Today's date:
FALL 2001


A New Economy Again

Laurence Meyer is governor of the US Federal Reserve Board. This article is part of the Global Economic Viewpoint series NPQ produces for the Los Angeles Times Syndicate International.

New York - We are in the new economy again. That is, instead of viewing the current experience as unique, it is probably better understood as a replay of earlier historical episodes in which a bunching of technological innovations ushered in periods of high productivity growth. Indeed, the economic history of the United States can be viewed as a series of productivity cycles-meaning relatively long periods of higher and then lower productivity growth.

These cycles generate regularities related to investment booms and equity price surges, followed by retrenchments in investment and corrections in equity values.

The historical evidence suggests a sequence of waves in labor productivity, periods of rapid growth followed by periods of more sluggish growth.

The closest parallel to the information technology revolution might be the introduction of electrical machinery. And, with both the electric motor and information technology, there was a delay between the time of the innovation and the increase in productivity growth. Even if 25 years in the future, we look back on recent developments and conclude that they were not as important as the innovations earlier in the 20th century, the recent innovations would still have played a significant role in boosting measured productivity.

Given the productivity resurgence of the late 1990s-and the patterns evident in the historical data-I believe that the recent data should be interpreted as part of another high-growth wave following a low-productivity-growth period.
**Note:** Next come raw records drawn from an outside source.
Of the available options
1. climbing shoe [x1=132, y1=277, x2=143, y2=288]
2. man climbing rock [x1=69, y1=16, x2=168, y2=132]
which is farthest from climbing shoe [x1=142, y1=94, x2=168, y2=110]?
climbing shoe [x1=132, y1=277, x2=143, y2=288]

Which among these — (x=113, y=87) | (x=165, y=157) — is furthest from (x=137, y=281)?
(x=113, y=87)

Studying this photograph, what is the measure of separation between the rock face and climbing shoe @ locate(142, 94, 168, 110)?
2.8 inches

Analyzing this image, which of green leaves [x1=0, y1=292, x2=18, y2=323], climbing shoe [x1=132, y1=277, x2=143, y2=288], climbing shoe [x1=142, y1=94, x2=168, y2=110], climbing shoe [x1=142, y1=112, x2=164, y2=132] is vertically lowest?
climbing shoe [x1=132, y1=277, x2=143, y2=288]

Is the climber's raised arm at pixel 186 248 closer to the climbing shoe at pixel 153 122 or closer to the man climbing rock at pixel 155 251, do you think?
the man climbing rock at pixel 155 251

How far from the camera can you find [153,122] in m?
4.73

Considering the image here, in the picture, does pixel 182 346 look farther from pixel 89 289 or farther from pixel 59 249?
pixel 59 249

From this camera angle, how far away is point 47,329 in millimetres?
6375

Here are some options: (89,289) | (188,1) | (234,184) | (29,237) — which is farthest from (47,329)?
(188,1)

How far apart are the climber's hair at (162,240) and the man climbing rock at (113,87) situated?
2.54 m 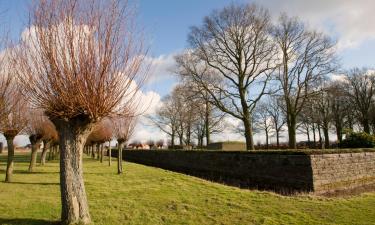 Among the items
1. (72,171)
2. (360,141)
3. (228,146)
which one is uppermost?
(360,141)

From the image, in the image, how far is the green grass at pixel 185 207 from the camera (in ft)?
24.6

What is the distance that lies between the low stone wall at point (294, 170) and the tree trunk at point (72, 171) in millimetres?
8539

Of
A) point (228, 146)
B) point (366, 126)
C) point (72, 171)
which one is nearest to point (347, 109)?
point (366, 126)

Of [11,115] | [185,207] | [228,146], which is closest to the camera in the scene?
[185,207]

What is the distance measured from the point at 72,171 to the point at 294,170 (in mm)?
9483

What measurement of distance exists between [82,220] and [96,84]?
2.76 m

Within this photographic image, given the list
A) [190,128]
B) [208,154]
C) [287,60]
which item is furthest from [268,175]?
[190,128]

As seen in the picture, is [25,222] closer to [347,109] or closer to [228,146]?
[228,146]

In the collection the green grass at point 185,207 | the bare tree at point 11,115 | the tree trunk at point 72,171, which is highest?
the bare tree at point 11,115

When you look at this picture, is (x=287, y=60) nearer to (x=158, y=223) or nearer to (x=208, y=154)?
(x=208, y=154)

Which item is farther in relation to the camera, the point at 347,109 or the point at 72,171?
the point at 347,109

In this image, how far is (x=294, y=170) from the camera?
12.9 m

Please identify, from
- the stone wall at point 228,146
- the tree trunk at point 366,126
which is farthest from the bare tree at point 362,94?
the stone wall at point 228,146

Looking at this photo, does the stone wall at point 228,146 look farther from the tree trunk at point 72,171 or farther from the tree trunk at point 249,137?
the tree trunk at point 72,171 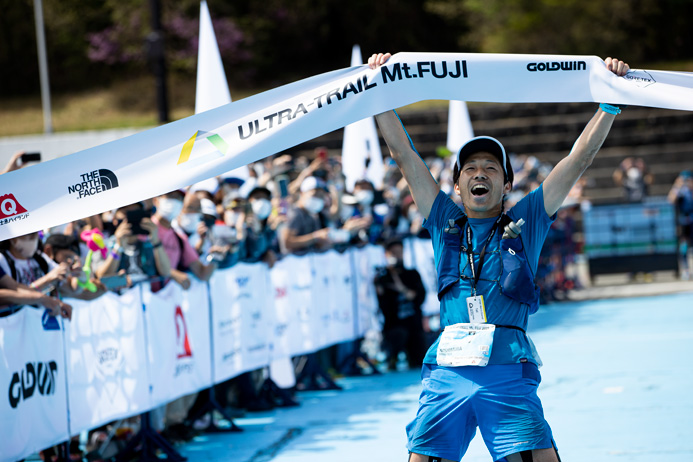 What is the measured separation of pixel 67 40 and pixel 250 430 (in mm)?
41340

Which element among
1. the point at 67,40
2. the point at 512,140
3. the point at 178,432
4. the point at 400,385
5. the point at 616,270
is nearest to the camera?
the point at 178,432

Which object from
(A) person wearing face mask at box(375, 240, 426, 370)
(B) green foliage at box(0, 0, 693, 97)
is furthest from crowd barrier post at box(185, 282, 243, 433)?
(B) green foliage at box(0, 0, 693, 97)

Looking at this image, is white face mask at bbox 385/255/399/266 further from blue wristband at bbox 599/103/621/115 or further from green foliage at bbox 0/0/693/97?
green foliage at bbox 0/0/693/97

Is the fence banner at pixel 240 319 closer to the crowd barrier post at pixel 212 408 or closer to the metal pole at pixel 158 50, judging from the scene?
the crowd barrier post at pixel 212 408

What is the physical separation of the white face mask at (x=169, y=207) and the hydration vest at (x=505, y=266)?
451 cm

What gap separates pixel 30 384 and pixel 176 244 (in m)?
2.51

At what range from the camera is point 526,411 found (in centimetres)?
458

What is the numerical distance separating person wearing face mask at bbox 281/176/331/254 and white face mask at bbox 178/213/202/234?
2.10 m

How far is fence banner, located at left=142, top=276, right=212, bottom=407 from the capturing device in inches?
335

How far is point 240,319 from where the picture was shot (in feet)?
33.4

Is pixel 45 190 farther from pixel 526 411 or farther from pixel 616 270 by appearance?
pixel 616 270

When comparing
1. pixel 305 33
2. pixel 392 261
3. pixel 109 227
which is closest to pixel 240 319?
pixel 109 227

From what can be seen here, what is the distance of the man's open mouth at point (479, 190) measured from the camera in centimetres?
483

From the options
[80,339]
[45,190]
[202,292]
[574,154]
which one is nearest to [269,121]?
[45,190] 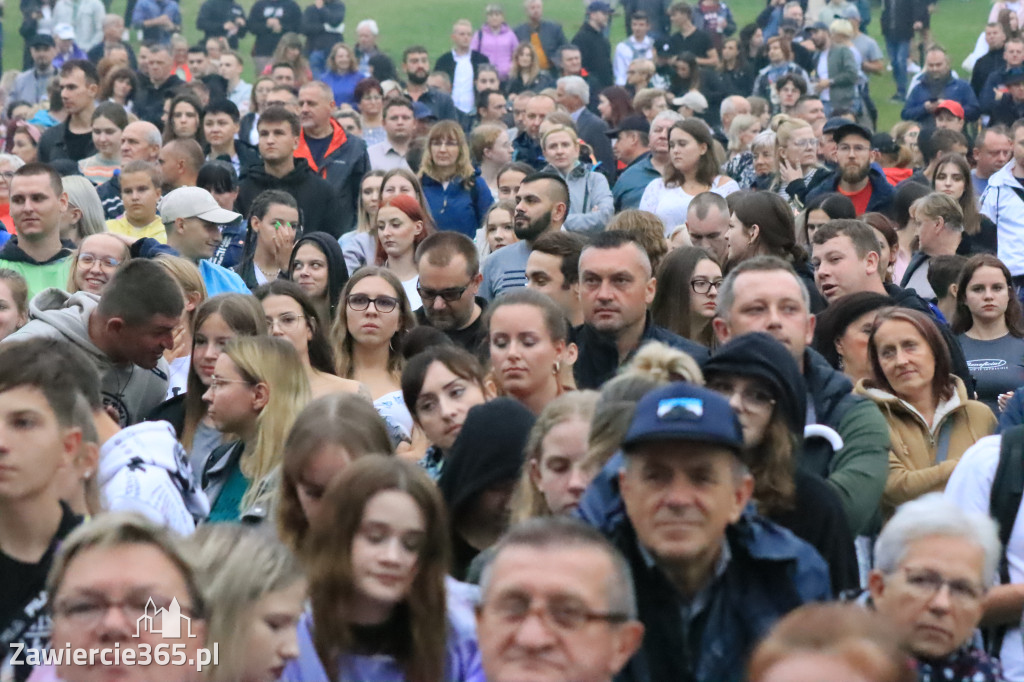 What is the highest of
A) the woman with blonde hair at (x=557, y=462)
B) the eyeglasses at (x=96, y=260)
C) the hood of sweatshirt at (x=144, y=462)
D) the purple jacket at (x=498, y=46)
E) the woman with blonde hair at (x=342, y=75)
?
the purple jacket at (x=498, y=46)

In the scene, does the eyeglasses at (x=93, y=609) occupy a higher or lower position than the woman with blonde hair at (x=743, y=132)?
lower

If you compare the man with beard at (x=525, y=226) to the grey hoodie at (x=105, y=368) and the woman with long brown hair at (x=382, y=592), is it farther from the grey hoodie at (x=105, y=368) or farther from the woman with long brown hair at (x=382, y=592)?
the woman with long brown hair at (x=382, y=592)

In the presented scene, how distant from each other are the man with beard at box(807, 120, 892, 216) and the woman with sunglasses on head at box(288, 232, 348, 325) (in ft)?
14.1

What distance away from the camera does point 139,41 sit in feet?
84.2

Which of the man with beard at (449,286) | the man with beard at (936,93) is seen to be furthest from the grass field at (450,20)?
the man with beard at (449,286)

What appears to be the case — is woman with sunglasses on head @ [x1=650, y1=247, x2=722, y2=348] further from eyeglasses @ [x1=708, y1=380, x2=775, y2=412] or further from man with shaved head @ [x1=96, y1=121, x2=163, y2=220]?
man with shaved head @ [x1=96, y1=121, x2=163, y2=220]

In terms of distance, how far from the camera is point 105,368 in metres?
6.30

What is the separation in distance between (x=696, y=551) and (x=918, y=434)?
8.11 feet

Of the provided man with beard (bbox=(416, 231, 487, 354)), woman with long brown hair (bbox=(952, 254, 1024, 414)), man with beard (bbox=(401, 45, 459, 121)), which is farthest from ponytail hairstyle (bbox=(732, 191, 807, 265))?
man with beard (bbox=(401, 45, 459, 121))

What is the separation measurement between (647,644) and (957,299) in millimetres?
5291

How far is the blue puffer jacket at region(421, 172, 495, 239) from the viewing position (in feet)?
37.4

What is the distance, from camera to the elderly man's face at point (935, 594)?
3.98m

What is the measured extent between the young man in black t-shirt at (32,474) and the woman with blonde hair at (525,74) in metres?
15.3

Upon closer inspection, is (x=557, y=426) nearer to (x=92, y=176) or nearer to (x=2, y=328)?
(x=2, y=328)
If I am right, then the critical question is, what forces underlie the high- and low-productivity periods? I don't want to exaggerate my ability to provide a definitive answer, but the recount period of one big wave may have been a "happy coincidence of innovations." That is, high-productivity periods reflect the influence of a bunching of technological innovations. Low-growth periods reflect the productivity performance in the absence of bunching or with considerably less of it.

What are the regularities associated with periods of higher productivity growth? Not surprisingly, investment in the sectors in which the innovations are taking place surges, and the stock prices of firms in these industries soar. Also excesses tend to emerge, at least in these industries, followed by corrections. The excesses and corrections generally involve both valuations of firms and investment in the innovating industry. After the initial frenzy of investment spending to take advantage of the new opportunities, the industries sometimes become overcrowded, or at least profitability is significantly diminished for a while, resulting in failures of many firms and a retrenchment in investment.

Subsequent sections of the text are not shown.